Accoudés à la rambarde du restaurant, Fanny et Romain scrutaient ce panorama mirifique qui s'offrait à eux. Le lac de Serre-Ponçon avait bercé leur adolescence, des déjeuners improvisés en compagnie de Bérénice aux virées nocturnes entre amis non déclarées. Des sourires se déposèrent généreusement sur leurs lèvres. Chacun se souvenait de ces moments délicieux, ces instants que Maxime ne pouvait ni leur ôter ni même partager. Fanny y avait laissé une part d'insouciance, des bribes d'un passé qu'elle avait fui et qui pourtant lui manquait terriblement. Les vallées alpines ornées d'une flore verdoyante encerclaient les eaux turquoises du lac. Les derniers rais de soleil vinrent chatoyer la surface de l'eau déposant des baisers de lumières sur de frêles ondulations. Fanny se souvint de son tout premier émoi, celui au goût d'un Hollywood à la fraise qui marqua le début d'une belle idylle. Le temps d'un été. C'est à cette période qu'elle commença à se détacher de l'emprise de son père, constatant qu'elle pouvait être aimée à son tour et sans rien attendre en retour, sans devoir prouver quoi que ce soit. Ce nouvel élan l'avait même mené vers des sentiers encore jamais expérimentés. Elle s'essaya à quelques poèmes dopés par ses amours d'adolescentes. Ce ne fut pas un franc succès selon Romain qui lui avait dérobé ses feuillets pour les réciter à haute voix devant ses frères. Un moment gênant qui lui avait valu les foudres de sa sœur. Pourtant, cela lui avait procuré le plus grand bien, elle y avait déposé sa peine, sa déception et surtout sa libération. Ce fut bien évidemment de courte durée, car le beau José était retourné à Amiens et elle, à sa geôle.
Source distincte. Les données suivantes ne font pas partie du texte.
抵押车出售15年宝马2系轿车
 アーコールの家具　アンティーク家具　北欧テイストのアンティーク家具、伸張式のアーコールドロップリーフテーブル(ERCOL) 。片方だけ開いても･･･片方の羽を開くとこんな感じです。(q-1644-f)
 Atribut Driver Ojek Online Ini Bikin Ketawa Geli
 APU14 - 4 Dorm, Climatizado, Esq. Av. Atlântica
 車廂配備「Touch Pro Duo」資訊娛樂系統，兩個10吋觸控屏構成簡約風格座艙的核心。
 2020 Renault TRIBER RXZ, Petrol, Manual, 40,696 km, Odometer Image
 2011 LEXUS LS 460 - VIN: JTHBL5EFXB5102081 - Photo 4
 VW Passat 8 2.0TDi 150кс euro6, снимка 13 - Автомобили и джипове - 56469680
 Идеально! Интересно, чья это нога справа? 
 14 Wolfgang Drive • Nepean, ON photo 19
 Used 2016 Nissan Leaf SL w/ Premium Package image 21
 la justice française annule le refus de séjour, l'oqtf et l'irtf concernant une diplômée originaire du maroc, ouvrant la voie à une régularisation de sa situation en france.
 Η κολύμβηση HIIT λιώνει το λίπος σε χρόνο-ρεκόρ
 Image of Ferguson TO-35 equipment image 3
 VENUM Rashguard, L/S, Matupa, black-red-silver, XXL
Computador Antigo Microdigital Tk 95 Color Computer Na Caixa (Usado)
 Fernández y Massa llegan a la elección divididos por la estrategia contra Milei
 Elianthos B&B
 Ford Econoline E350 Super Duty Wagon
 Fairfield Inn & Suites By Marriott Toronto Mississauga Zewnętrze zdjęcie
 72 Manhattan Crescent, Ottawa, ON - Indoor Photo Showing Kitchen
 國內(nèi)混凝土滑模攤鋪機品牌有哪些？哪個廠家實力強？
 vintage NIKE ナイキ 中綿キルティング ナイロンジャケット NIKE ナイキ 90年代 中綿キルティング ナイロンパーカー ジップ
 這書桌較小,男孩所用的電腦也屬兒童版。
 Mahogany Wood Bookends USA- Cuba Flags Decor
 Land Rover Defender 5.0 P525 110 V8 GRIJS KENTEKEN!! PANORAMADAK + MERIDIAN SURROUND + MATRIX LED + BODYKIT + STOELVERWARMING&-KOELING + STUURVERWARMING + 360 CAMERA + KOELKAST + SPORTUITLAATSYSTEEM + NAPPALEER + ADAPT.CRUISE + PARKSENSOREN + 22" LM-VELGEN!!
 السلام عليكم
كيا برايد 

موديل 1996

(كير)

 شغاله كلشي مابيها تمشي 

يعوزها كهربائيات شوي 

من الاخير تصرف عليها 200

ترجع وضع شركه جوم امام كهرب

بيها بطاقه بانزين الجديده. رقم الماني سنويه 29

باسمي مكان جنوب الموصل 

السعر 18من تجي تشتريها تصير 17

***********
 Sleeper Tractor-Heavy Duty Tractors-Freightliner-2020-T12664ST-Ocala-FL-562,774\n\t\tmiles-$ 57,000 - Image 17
— Tu penses que Maxime va bien ? le questionna Fanny, coupant court à leur contemplation silencieuse.
— Tu t'inquiètes pour lui ?
Le regard stupéfait de Romain se posa sur sa sœur. Cela faisait bien longtemps qu'elle n'avait pas éprouvé de bienveillance envers leur père.
— Ce n'est pas ça...La chaise longue ? Sérieusement, tu as déjà vu Maxime diner dans un tel endroit ? Le cadre est splendide, je pourrais y rester des jours tout simplement me poser et me perdre dans ce décor, et puis ces tartes... un délice. Mais c'est tellement "imparfait" pour lui.
Romain ne rebondit pas. Une part de vérité flottait dans l'air et quelques interrogations commencèrent à trotter dans son esprit. Il pensa à la dernière fois qu'il avait vu son père, et les images qui refirent surface lui laissèrent un goût amer. Il préféra les chasser immédiatement, se concentrant sur l'instant présent.
Fort heureusement, une voix reconnaissable entre toutes mit fin à toutes leurs tergiversions. Lucas. Fanny se retourna et lui fit face. Alors qu'il fit un accolade à Romain, son regard se figea dans les prunelles de sa jumelle. Un silence pesant, presque étouffant, s'installa, l'un de ceux qu'elle avait laissé coulé depuis tant d'années, depuis son départ précipité pour Paris, sans un mot, sans un regard en arrière, sans un aurevoir, sans lui. Elle avait brisé ce lien unique et puissant qui les unissait depuis toujours. Et désormais, elle ignorait comment recoller les morceaux. Elle espérait secrètement que cette réunion de famille allait effacer son absence, mais sa mine chargée de tristesse lui transperçait le cœur, lentement.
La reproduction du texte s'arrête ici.